Modern information technology in the form of geographic information systems (GIS) has revolutionized pipeline mapping. The layers of topographic, environmental, pipeline, and ROW-related data can be combined in various ways to produce all necessary maps and alignment sheets.

Modern GIS technology facilitates not only production of the route drawings, but also any revisions due to relocations to find the optimum route as defined above.

Still unsolved is the search for a similar, cost-effective method for conducting soil surveys. Research and development concentrate on infrared- or radar-based surveys, but the relevant data still are limited to the upper zones. Development of seismic surveys for this specific purpose might be a feasible solution.

Pipeline design

Driven by the desire to minimize investment for pipelines, efforts are being made to increase operating pressures in combination with development of higher steel grades and to reconsider installed spare capacity in pumping and compressor stations. A typical example of this trend is the Alliance Pipeline with 120-bar (1,740-psi) operating pressure and single unit design.1

Operating costs have been reduced by considerably improving the thermal efficiency of gas-turbine drives especially for gas pipelines and installation of high-efficiency pumps combined with variable-speed drives for crude oil and product pipelines.

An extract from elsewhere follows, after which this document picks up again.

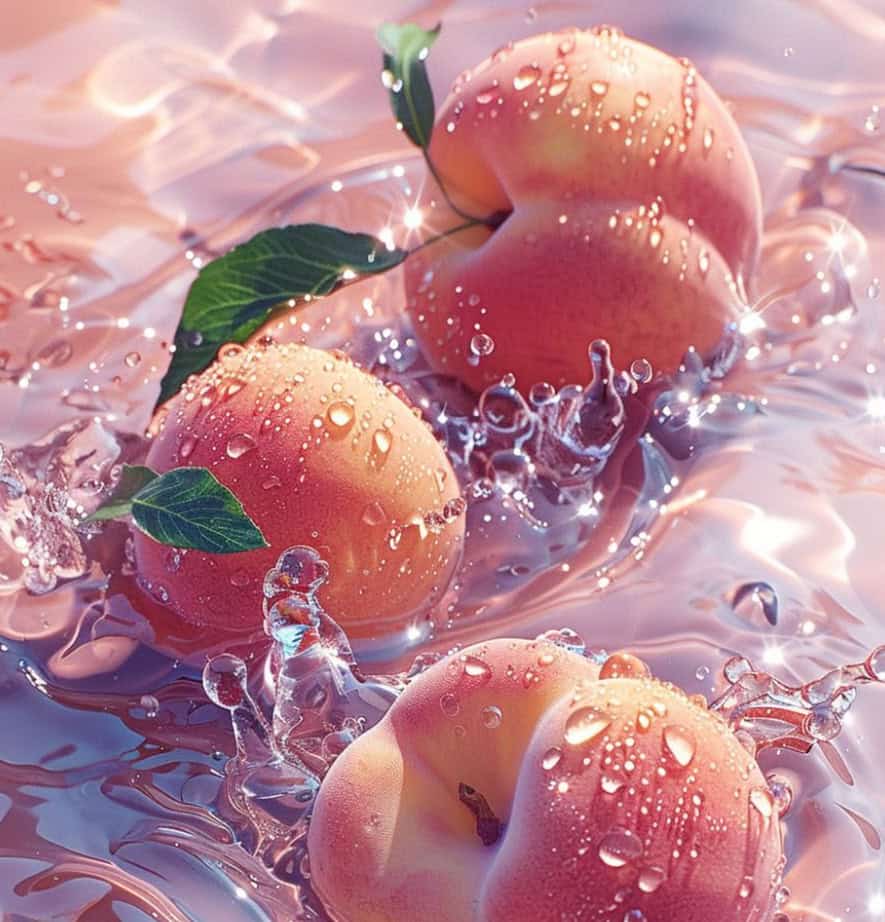 69c5ccf0f2ef31fcff840cf2349f0fad-2 خوخ ابيض - الصورة 1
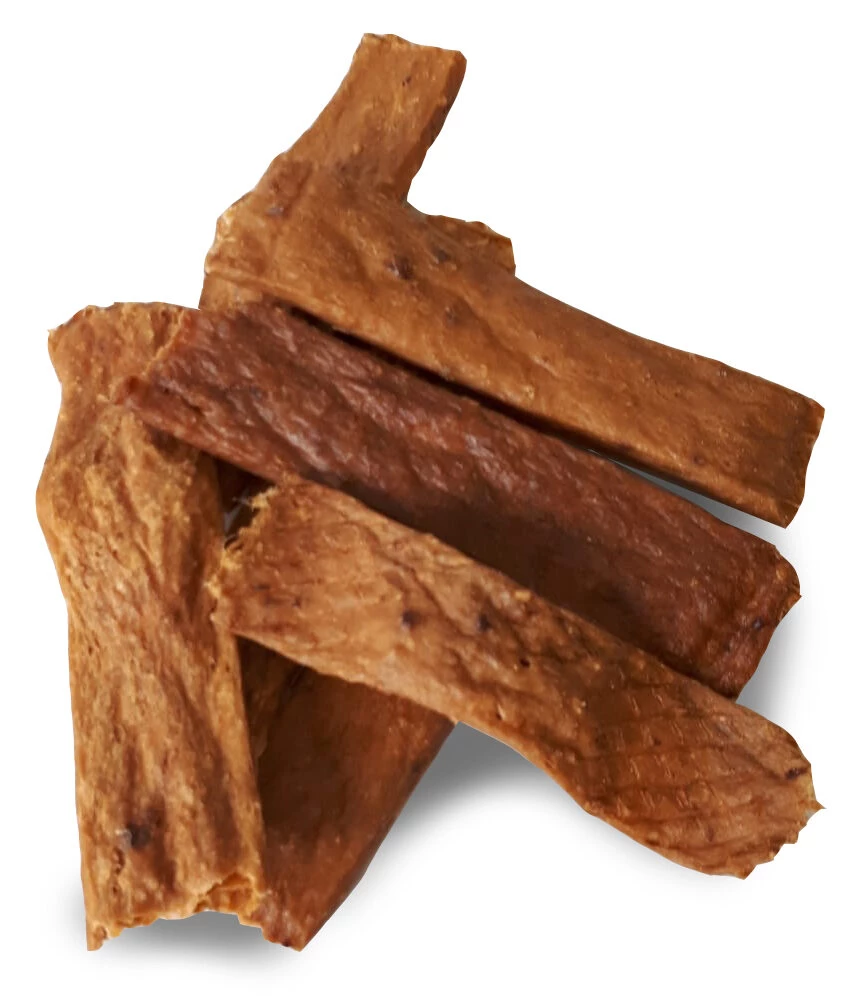 Rescue pet food - Vleesstrips 200 gr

Application of modern information technology has revolutionized monitoring and control of pipeline systems. Modern hard- and software that runs pipelines on-line or assists the operator off-line aims at safe and cost effective operation.

Fiber optic cable laid along pipelines is used for data transmission and for sensing, opening up a wide variety of new applications especially for prevention and detection of leaks.2

Driven by environmental considerations, efforts have increased for primary safety (keeping the pipeline tight, no leaks) and secondary safety (fast detection of and response to a leak).

In primary safety, advances have been made to develop steel with higher resistance against the effects of corrosion and aging. Despite progress, internal corrosion in oil field lines and crude oil pipelines remains unresolved.3

Modern supervisory control and data acquisition (scada) systems can detect leaks even under transient flow conditions and locate leaks with satisfactory accuracy. Cost-effective ultrasonic flow metering supports this development.

Results of environmental impact and quantitative risk-assessment studies can be fed into a GIS-based pipeline information system to provide a computer-based emergency response plan.

The combination of such a plan with modern leak detection and locating system is a major improvement and represents the highest achievable standard for secondary safety of a pipeline.

Efforts have also been made to reduce emissions of pipeline installations during normal operation by development of high efficiency dry low-emission (DLE) gas turbines, by improving the seal mechanism of floating roof tanks by using instrument air instead of instrument gas, and by reducing the effect of oil spills in stations.

Materials

The range of materials available for pipeline application has grown significantly, with a trend toward higher strength steel grades.

This development started more than 25 years ago along with introduction of thermo-mechanical rolling practices.

In the early 1970s, Grade X-70 was introduced for the first time for use as line pipe in the construction of gas transmission pipelines. Since then, X-70 material has proven reliable in numerous pipeline projects. The material has been optimized in the course of further development of thermo-mechanical rolling and can be welded trouble-free with cellulosic electrodes.

Following satisfactory experience gained with X-70, Grade X-80 line pipe came into use for the first time in 1985 on a trial basis. From beginning to the 1990s, nearly all big gas high-pressure pipelines have been built in X-80.

For large-diameter oil pipelines, the tendency towards higher-yield steel has been slightly delayed because actual technical rules did not recognize steel higher than Grade X-52 and therefore required special approval for high-yield steel.

In addition, requirements concerning crack elongation were higher for oil pipeline than for gas pipelines because of unsteady state flow conditions.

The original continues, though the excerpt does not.